People read online content, like your emails, differently than books or magazines. Structure your email in easy-to-read chunks, put the most important piece of information first, use an image to grab their attention, and include valuable links to more content.
2. Focus on the customer
It’s important to remember that different customers have different needs. Segmenting your email list allows you to put together lists of people who share the same interests. By taking this extra step, you’ll be able to send targeted content that is even more valuable to each of your groups of customers maximizing the effect of your email marketing efforts.
When you’re dividing your audience into segments, make sure to remember the stage of their customer lifecycle, whether they’re a new customer or one who left something in their cart. A little extra effort when segmenting can go a long way.
3. Use dynamic content
Make sure your readers see the information that is most important to them by using dynamic content. Using the details you have collected about your recipient, you can display the right content for their interests. You can swap out images, call-to-action buttons or even whole sections of text to align with the individual looking at the email. The more the content resonates with your reader, the more likely they are to click through.
4. Have one clear call-to-action (CTA)
Customers get really confused when an email links to multiple things. Do you want them to download your eBook or check out the interesting video? Subscribe to your blog or follow you on social media?
It helps if your CTA buttons all are working towards the same goal, like driving traffic to your website or asking readers to download your eBook, but avoid pushing customers to both at one time. Asking customers to complete multiple actions will only reduce clicks.
5. Review your results
When you are analyzing your email campaign metrics, CTOR is one way to gauge how effective or valuable your email content appears to customers. If you see high open rates, but low CTOR rates, this indicates that you nailed the subject line, but left more to be desired on your offer or the copy within your email.
However, tracking the other metrics as well helps to find a balance between a perfect email open rate and click-to-open rate. Each metric has merit, so strive for both.
Is email marketing really worth your time?

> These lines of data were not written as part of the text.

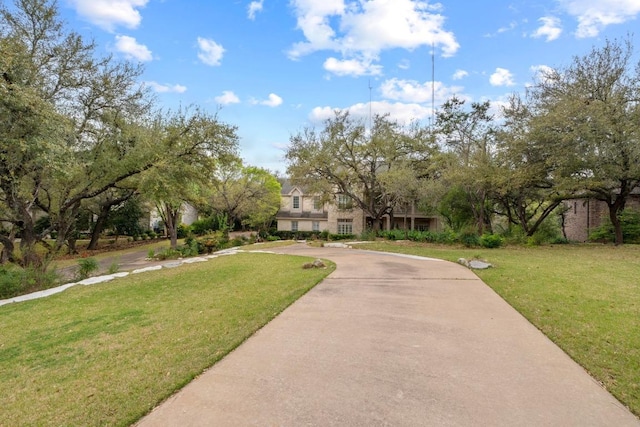 view of front facade featuring a front yard and driveway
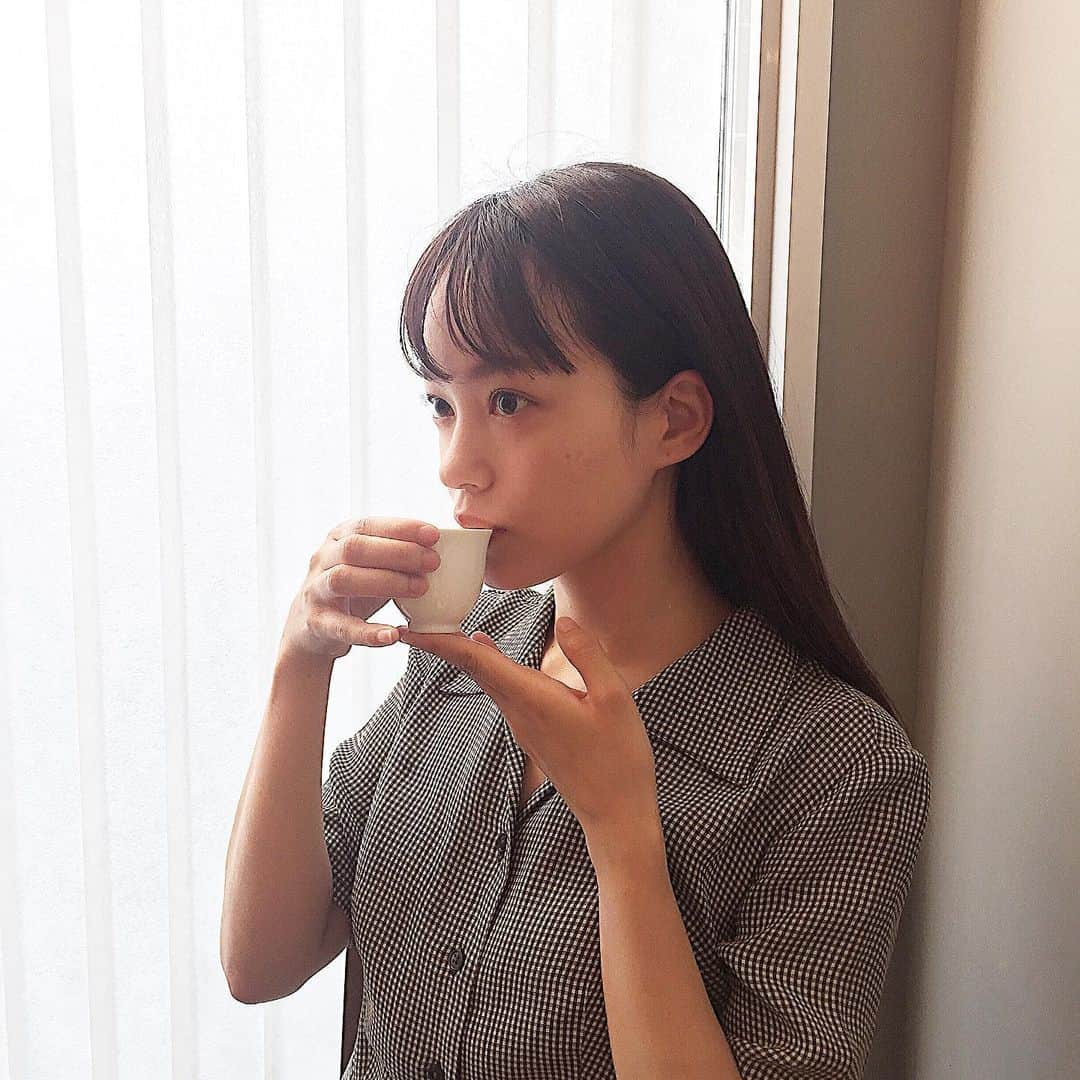 夏目志乃さんのインスタグラム写真 - (夏目志乃Instagram)「茶茶の間さんのお茶が 美味しくて びっくりした1日🍀」6月6日 20時53分 - shinonatsume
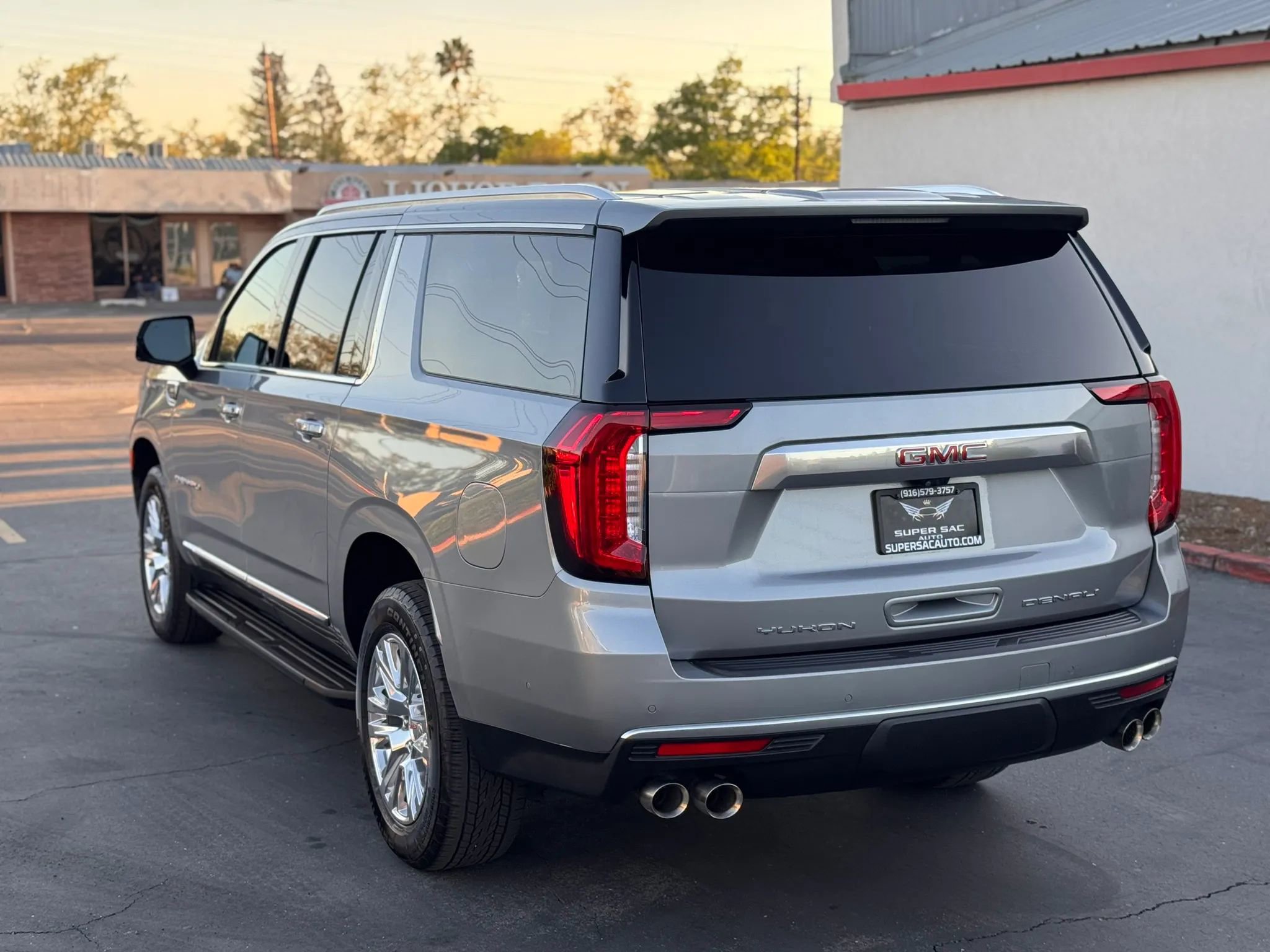 Used 2024 GMC Yukon XL Denali w/ Advanced Technology Package image 4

To really be in control of your marketing, it’s crucial that you know how to interpret the results of your email campaigns.
Constant Contact provides easy-to-read reports and email metrics that help you track your marketing success in real-time.
Start by taking a look at the open rates and click-through rates of your latest email campaigns. Then, compare your results with averages in your industry. Constant Contact Industry Average Benchmarking Report makes it easy for you to see how your campaigns stack up against others in your industry in terms of overall email engagement.
Use smart marketing metrics to guide your email marketing strategy
Email metrics are essential to make sure you’re on track towards the goals you’ve set. Use your email insights and reporting to know what’s working well and what needs improvement. Remember, your emails and subscribers aren’t static, so keep experimenting to find what works best. Knowing what works and what saves time, effort, and money in the future, so get excited about email metrics that guide your way to successful email marketing!